CANADA FX DEBT-C$ touches 2009 high, helped by oil; bonds mixed
* Risk appetite on the rise
* Canadian dollar hits highest level in nearly 6 months
* Bond prices mixed
By Ka Yan Ng
TORONTO, May 5 (Reuters) - The Canadian dollar climbed to its highest level versus the U.S. currency in nearly six months on Tuesday as demand for riskier currencies was on the rise.
This week's rebound in commodity prices, oil in particular, helped the Canadian currency hit C$1.1677 to the U.S. dollar, or 85.64 U.S. cents, its highest since Nov. 10. Crude, a key Canadian export, neared $55 a barrel. [ID:nN05259496]
The currency has recently traded in tandem with equity and commodity markets, in line with a theme of investors increasingly willing to take on more risk.
"The main thing is increased risk appetite amid signs global recession is easing," said Sal Guatieri, senior economist at BMO Capital Markets.
At 9:10 a.m. (1310 GMT), the Canadian unit was at C$1.1703 to the U.S. dollar, or 85.45 U.S. cents, up from C$1.1735 to the U.S. dollar, or 85.22 U.S. cents, at Monday's close.
With no major Canadian economic data was due on Tuesday, markets will be watching for employment data, the Ivey Purchasing Managers' Index, and housing reports later this week.
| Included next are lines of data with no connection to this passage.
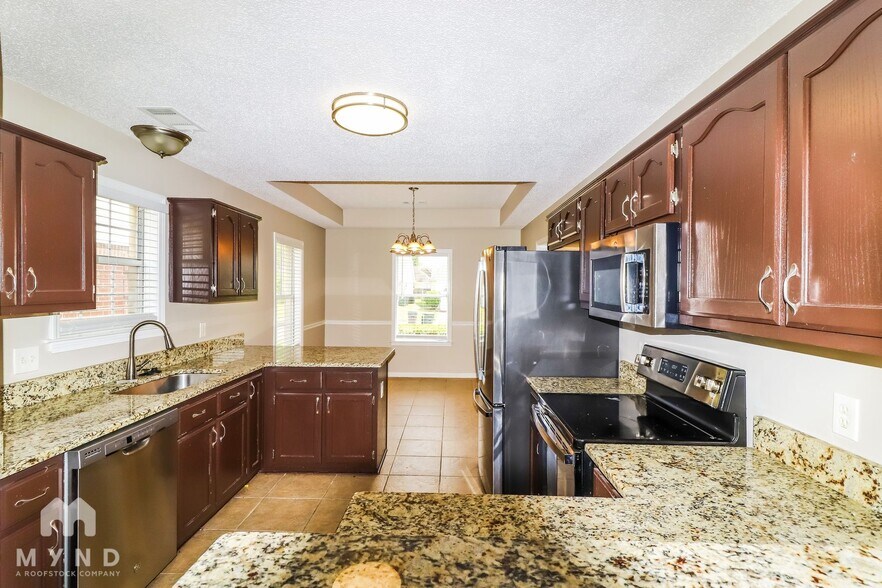 Building Photo - 9998 Cameron Ridge TR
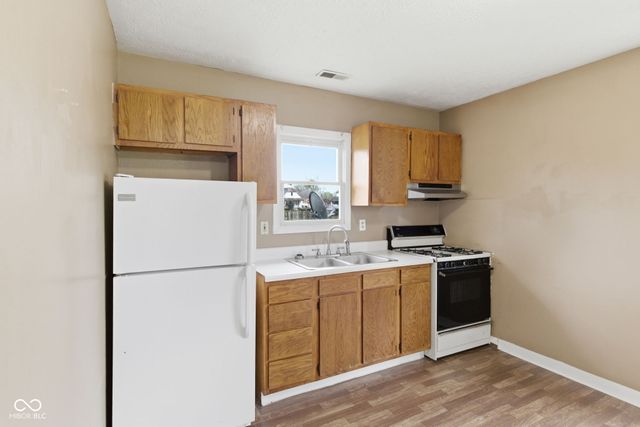 1224 W 13th Street, Anderson, IN 46016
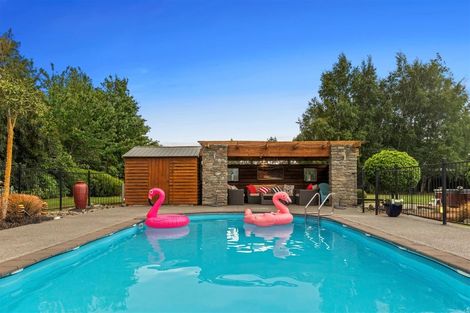 Photo of property in 900 Loburn Whiterock Road, Loburn, Rangiora, 7472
U.S. employment figures are due on Friday.
A key risk this week may also be the U.S. Federal Reserve's release of the bank stress test results. [ID:nN04553413]
Canadian bonds were mixed with long bonds edging higher, while shorter-dated debt dipped, as investors weighed equity market appetite and supply.
Bonds have been flat to lower in recent days as equity markets rose to their best levels in nearly six months.
"Given the return of risk appetite and strong rallies in equity markets, it's actually surprising that bonds haven't weakened further," said Guatieri.
"In the background, the Fed's purchases of Treasuries are putting a ceiling on U.S. Treasury yields and that's tending to support the Canadian market as well."
The two-year Canada bond fell 7 Canadian cents to C$100.42 to yield 1.044 percent, while the 10-year bond rose 27 Canadian cents to C$105.90 to yield 3.065 percent.